The two organisations passed the same resolutions at their sessions, put forward a joint scheme of political reforms based on separate electorates and demanded that the British government should make a declaration that it would confer self-government on India at an early date.

The Lucknow Pact marked an important step forward in Hindu-Muslim unity. Unfortunately, it did not involve the Hindu and Muslim masses and it accepted the pernicious principle of separate electorates.

It was based on the notion of bringing together the educated Hindus and Muslims as separate political entities; in other words, without secularisation of their political outlook, which would make them realise that in politics they had no separate interests as Hindus or Muslims. The Lucknow Pact, therefore, left the way open to the future resurgence of communalism in Indian politics.

But the immediate effect of the developments at Lucknow was tremendous. The unity between the moderate nationalists and the militant nationalists, and between the National Congress and the Muslim League aroused great political enthusiasm in the country. Even the British government felt it necessary to placate the nationalists. Hitherto it had relied heavily on repression to quieten the nationalist agitation.

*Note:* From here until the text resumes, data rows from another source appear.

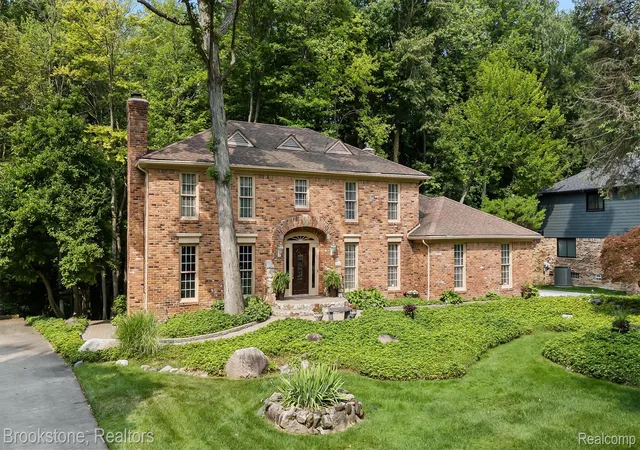 1st image of 6521 Red Oak Dr Nw, Troy, MI 48098 | MLS# 20261058911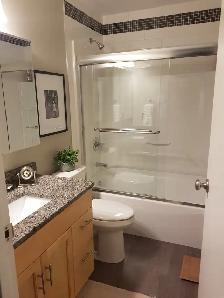 WESTSIDE - 3 BEDROOM CONDO - JUNE 1ST - Photo 3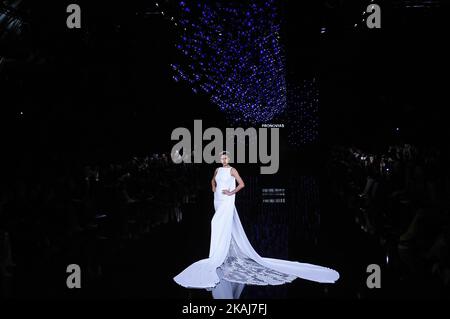 Irina Shayk trägt eine Kreation von Pronovias während der Barcelona Bridal Fashion Week am 29.. April 2016 in Barcelona, Spanien. Stockfoto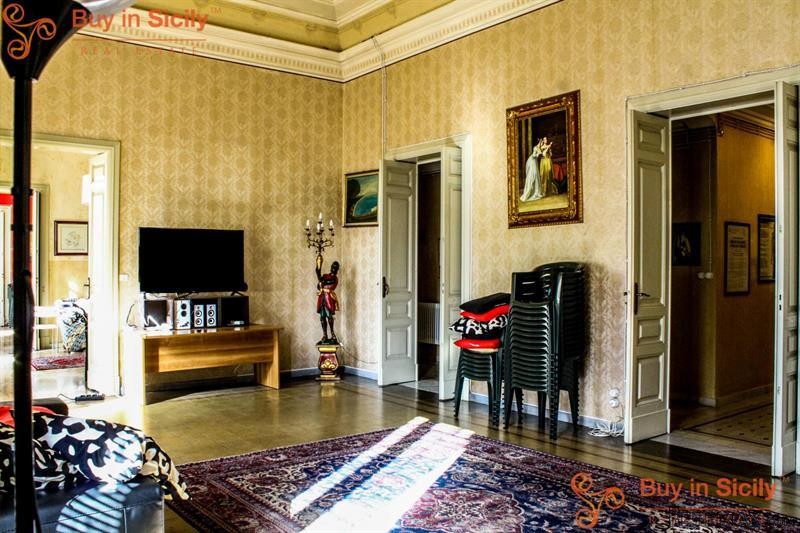 3 bedroom Apartment For Sale: Catania.. - 2
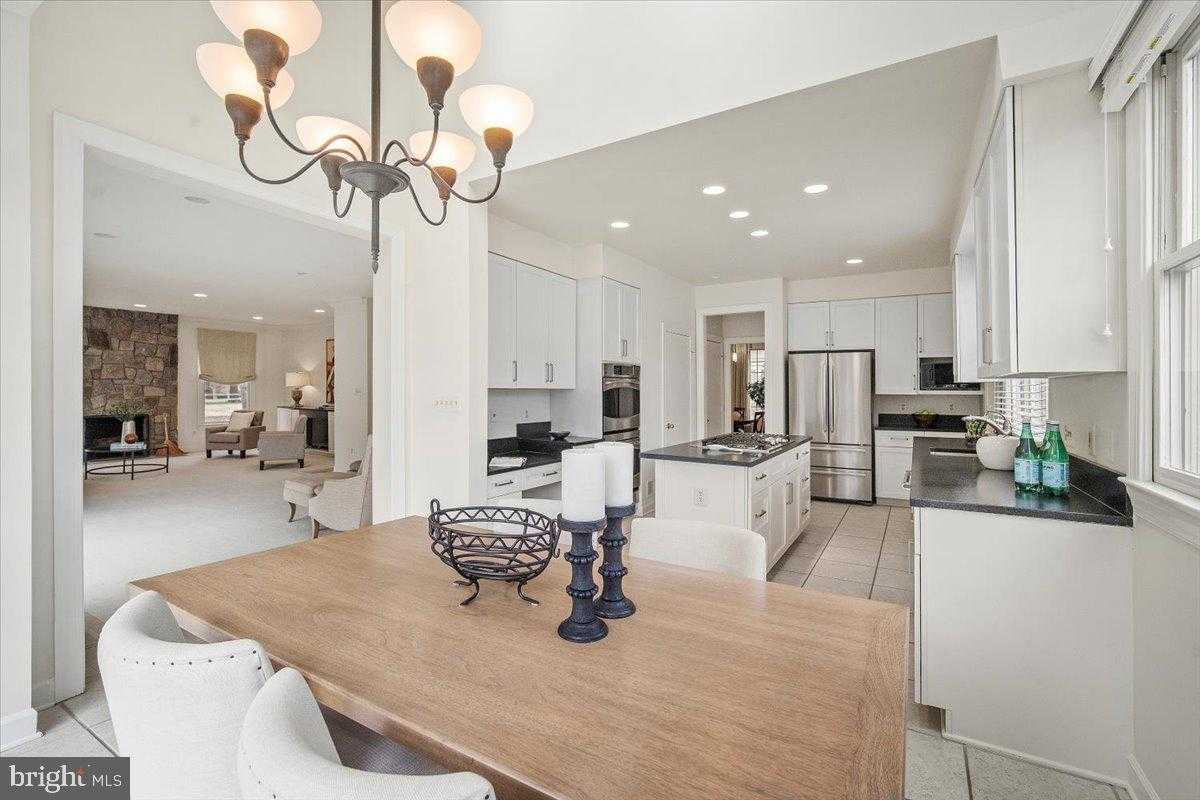 10409 Democracy Ln photo 20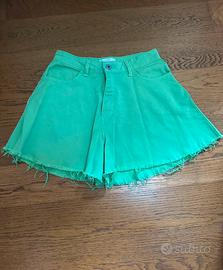 Pantaloni corti/shorts a vita alta  verdi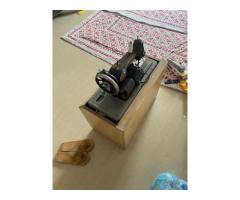 Sewing machine with storage box - Image 4/4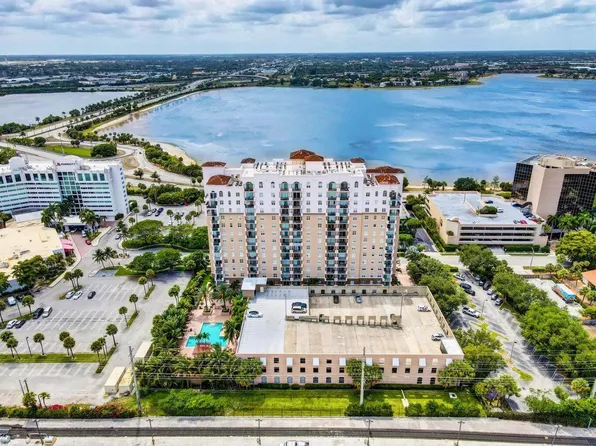 616 CLEARWATER PARK Road #602, West Palm Beach, FL 33401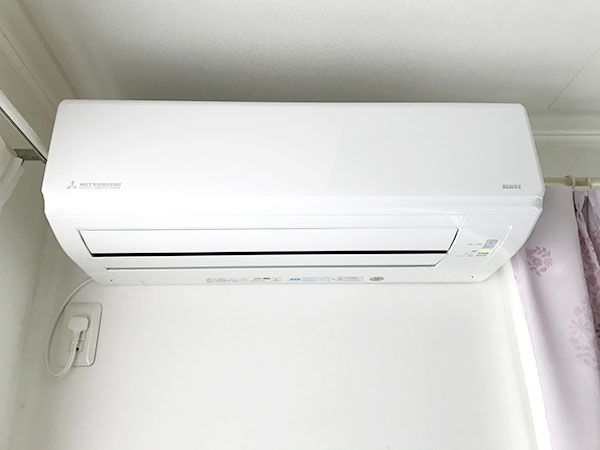 神奈川県相模原市 N様　新品エアコン（2.2ｋＷ）取り付け工事 化粧カバーパックのご依頼ありがとうございました。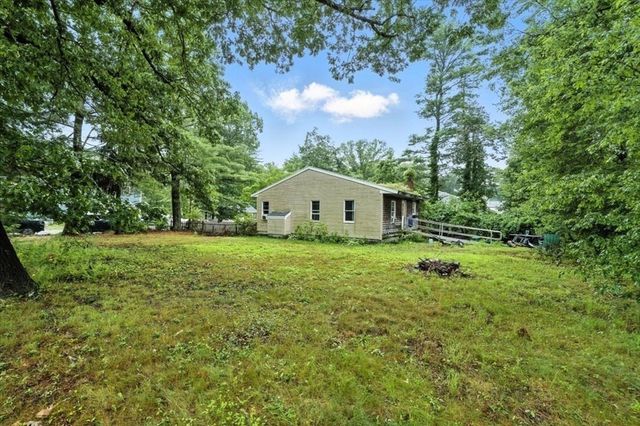 15 Kalmia Road, Holbrook, MA 02343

Large numbers of radical nationalists and revolutionaries had been jailed or interned under the notorious Defence of India Act and other similar regulations.

The government now decided to appease nationalist opinion and announced on 20 August 1917 that its policy in India was “the gradual development of self-governing institutions with a view to the progressive realisation of Responsible Government of India as an integral part of the British empire.”

And in July 1918 the Montague-Chelmsford Reforms were announced. But Indian nationalism was not appeased. In fact, the Indian national movement was soon to enter its third and last phase— the era of mass struggle or the Gandhian Era.